Sumner does indeed assume that: but I think that the causation goes entirely the other way around. It isn't that our pre-extant political beliefs make us pick the numbers which lead us to our desired solution. It's that our beliefs about what are the appropriate numbers help to determine our political beliefs.
In this example the numbers chosen by Diamond and Saetz do lead to what we might call a left wing solution. Much higher taxes on the rich. The sort of numbers that Sumner or I would put into the same equation would lead to a much more "right wing" solution, a lower peak for the Laffer Curve. The numbers we're talking about are things like the effect of higher taxes on the propensity to work and so on.
But I don't think that Sumner and I would put in lower numbers in order to get a lower Laffer peak: just as I don't think that our two lefty economists would do the opposite (I can think of plenty of people who would but not these two of this stature). Rather, I think that it's our prejudices about what these elasticities are which lead to our having right or left views on tax rates. Perhaps prejudices is too strong there: our inclinations as to what the numbers are given our own view of the world.
As an example, my marginal income comes from freelance writing. There are enough outlets that I can, if I need a bit more money, just write for more hours. Not go off to the pub, sit at the keyboard instead of taking the bike out for a spin. I know what my reaction to 70% tax rates would be: I'd shoot off on the bicycle and over the Portuguese hills and have a few pints when I came back. My output would decline and decline quite substantially. So I'm prepared to believe, primed to believe, that work effort is quite elastic as compared to tax rates. Other people might have very different ideas about life and the work life balance: no harm in that. They might be more swayed by prestige for example, or have always worked in jobs where income doesn't vary much with effort or hours (like a university professor for example). Thus, from their own experience, their own internal values, they're predisposed to believe that work effort, hours, have a low elasticity with respect to tax rates. Because people are more motivated by things other than post-tax income.

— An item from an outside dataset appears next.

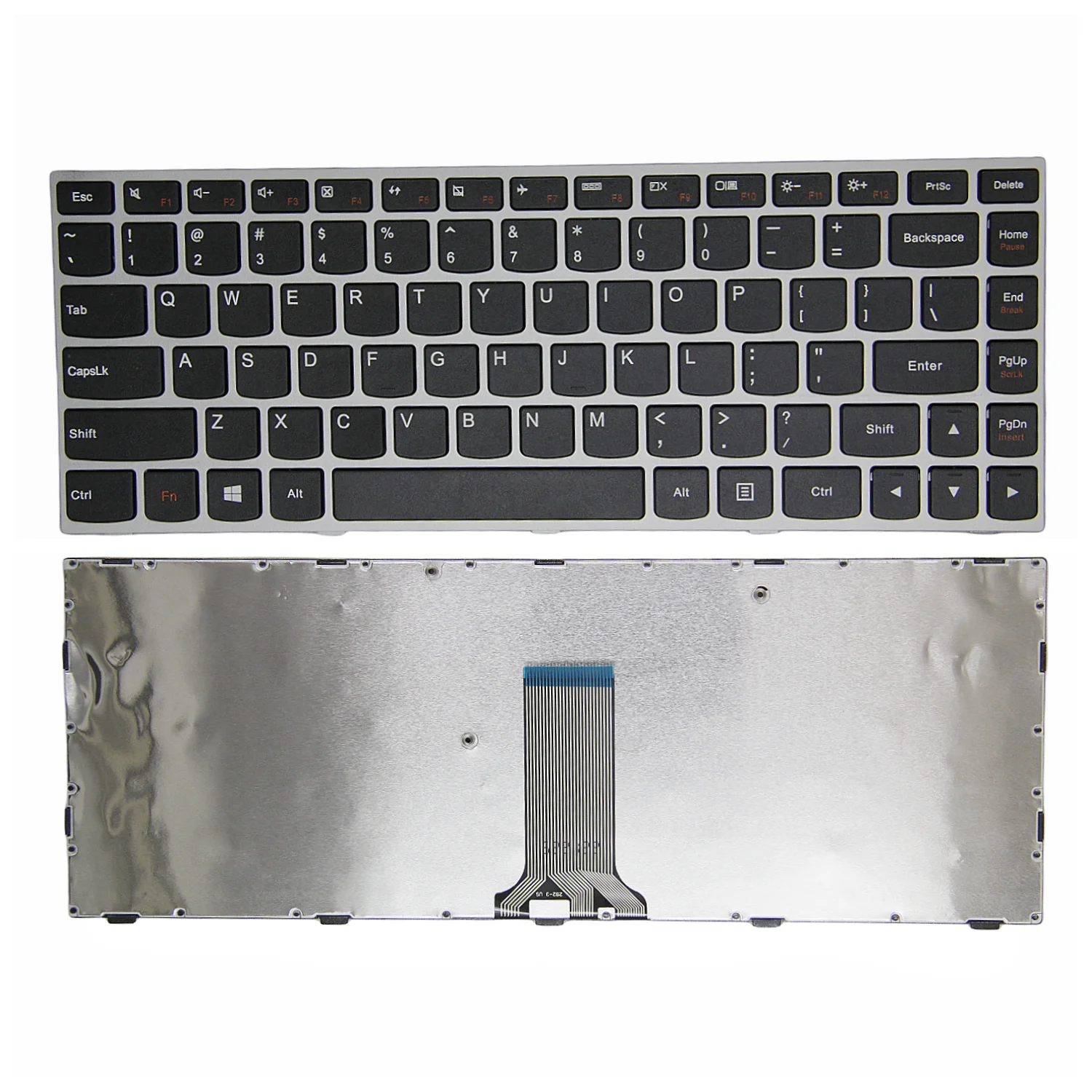 For Lenovo G40 B40 V1070 V3000 Z40 -30 N40-70 Xiaoxin 300 keyboard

Of course, where we're trying to see what the effect on the entire economy is we're supposed to be inputting the numbers that apply to everyone else, not what apply to us alone. But where there is judgment, where there are choices as to what number to use, I really do think that it's our own opinions, our own experiences, of what these numbers are that then feeds through into our having right wing or left wing results.
I've rather over-egged this argument in order to get the point over. But I do think it to be true that it isn't that we choose economic models, or numbers to put into them, because we want to reach a conclusion that accords with our political ideals. Rather, our political ideals grow out of what we think those numbers are before we start to run them through the models. And I think this goes far beyond simple economic models as well. I, to use my favourite subject as an example once again, absolutely despise having to fill out paperwork. It is, I am certain, because of my hatred for having to do so that I am so vociferously opposed to a governance system that insists on people filling out paperwork all the time. I'm sure you can think of other examples of the same point: our own character, our own wants and desires, do get projected onto the world around us.
All of which is grist to the mill of the classically liberal world view of course. Those who wish to may, whatever consenting adults voluntarily choose to do. But the impositions upon such in what they must do or may not do have to be incredibly limited, for what must and may not be done is being determined by those internal prejudices of those doing the deciding rather than the free will of the participants.